- Type: Protestant
- Classification: Holiness Pentecostalism
- Origin: 1886

= The (Original) Church of God =

The (Original) Church of God is a Holiness Pentecostal Christian denomination located mostly in the Southeastern United States. Its origins can be traced to a small meeting of Christians at the Barney Creek Meeting House in Monroe County, Tennessee in 1886. This church is often denominated the Church of God (Chattanooga, Tennessee) to distinguish it from other related Church of God bodies, but the church's designation for itself is The (Original) Church of God, Inc. Offices and a publishing house are located in Chattanooga, Tennessee and Pulaski, Tennessee.

==History==
The (Original) Church of God shares a common origin and history with the Church of God (Cleveland) and several other Christian bodies named Church of God. The (Original) Church of God, Inc. came into being in 1917, when the Church of God in Chattanooga, Tennessee, led by Joseph L. Scott, separated from the Cleveland-based church. This body's use of Original in parentheses reflects the belief that it is true to the original faith, purpose and practice of the Church of God movement. The church incorporated in 1922. Ridgedale Theological Seminary was founded in 1925.

==Beliefs==
Five ordinances are recognized: baptism by immersion, biblical church government, the Lord's Supper, feet washing and tithing. Other beliefs include the need for repentance, justification & regeneration for salvation, the teaching on sanctification, divine healing, and speaking in tongues as the evidence of the baptism of the Holy Spirit.

==Structure==
In 2014, the (Original) Church of God had a membership of over 500 in 14 congregations. The (Original) Church of God has around 40 ordained ministers. Churches are located mainly in the east and south-central United States, such as Tennessee, Alabama, Arkansas, Virginia, and West Virginia. They also have several churches and ministers located in the Philippines, Liberia and India. The (Original) Church of God owns a campground in Van Leer, Tennessee called Camp Ridgedale and publishes a bi-monthly magazine called The Messenger.
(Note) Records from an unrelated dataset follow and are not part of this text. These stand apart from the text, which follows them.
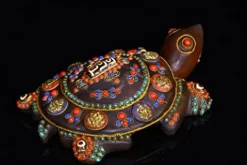 Generic Tibetan Temple Crystal Mosaic Dzi Beads 8 Treasures Lucky Turtle 1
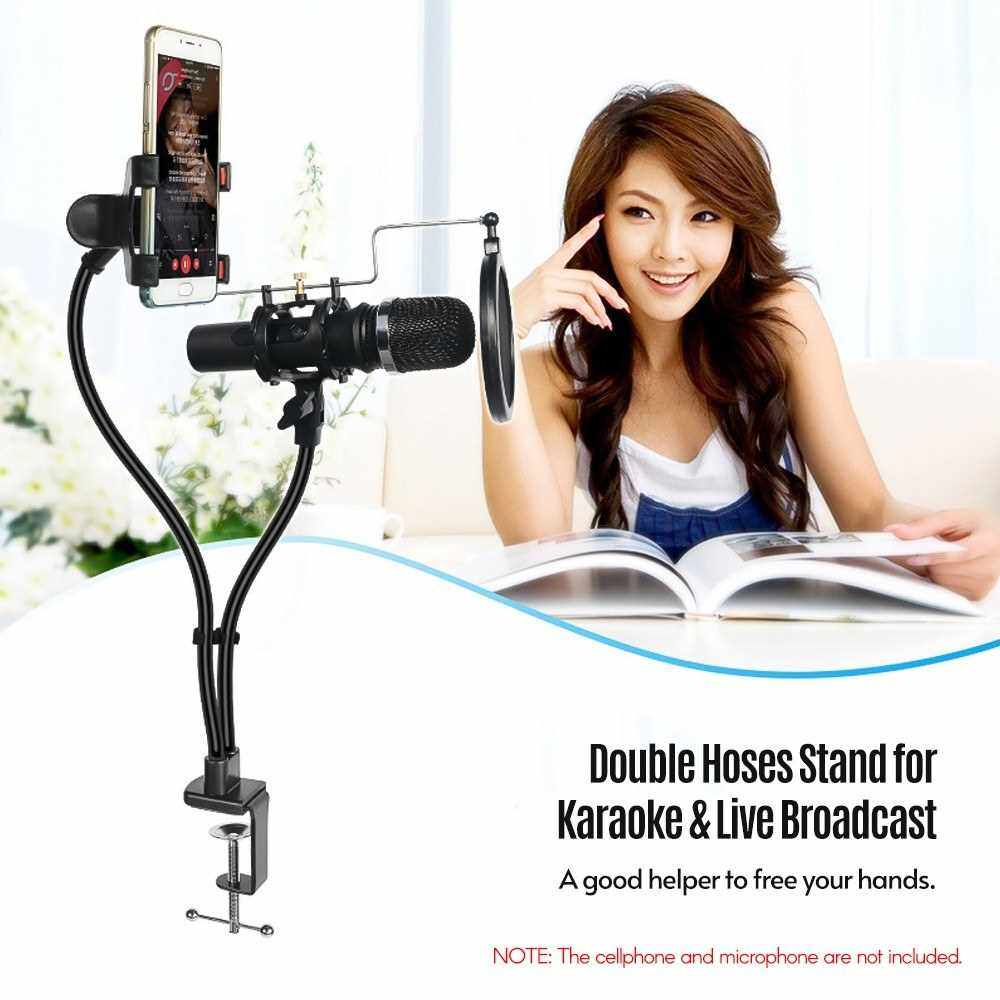 Microphone and Smartphone Stand Desk Holder with Clamp Windscreen for Live Stream/Online Course/Karaoke (Standard)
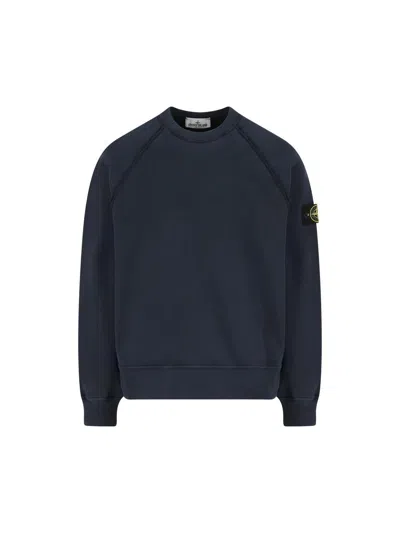 Stone Island Crew Neck Sweatshirt In Organic Brushed Cotton In Blue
The (Original) Church of God is governed by a Board of Bishops and led by a General Overseer. The current general overseer is Bishop James (Randy) Taylor. 255 Bailey Lane, Pulaski, TN 38478. The church has been updating its bylaws and beliefs, the beliefs.

In 1993, the (Original) Church of God had a membership of over 18,000 in 70 congregations. The (Original) Church of God has around 50 ordained ministers. Churches are located mainly in the east and south-central United States, such as Tennessee, Kentucky, Alabama, Arkansas, Virginia, and West Virginia. They also have several churches and ministers located in the Philippines, Liberia, and India. The (Original) Church of God owns a campground in Van Leer, Tennessee and publishes a bi-monthly magazine called The Messenger.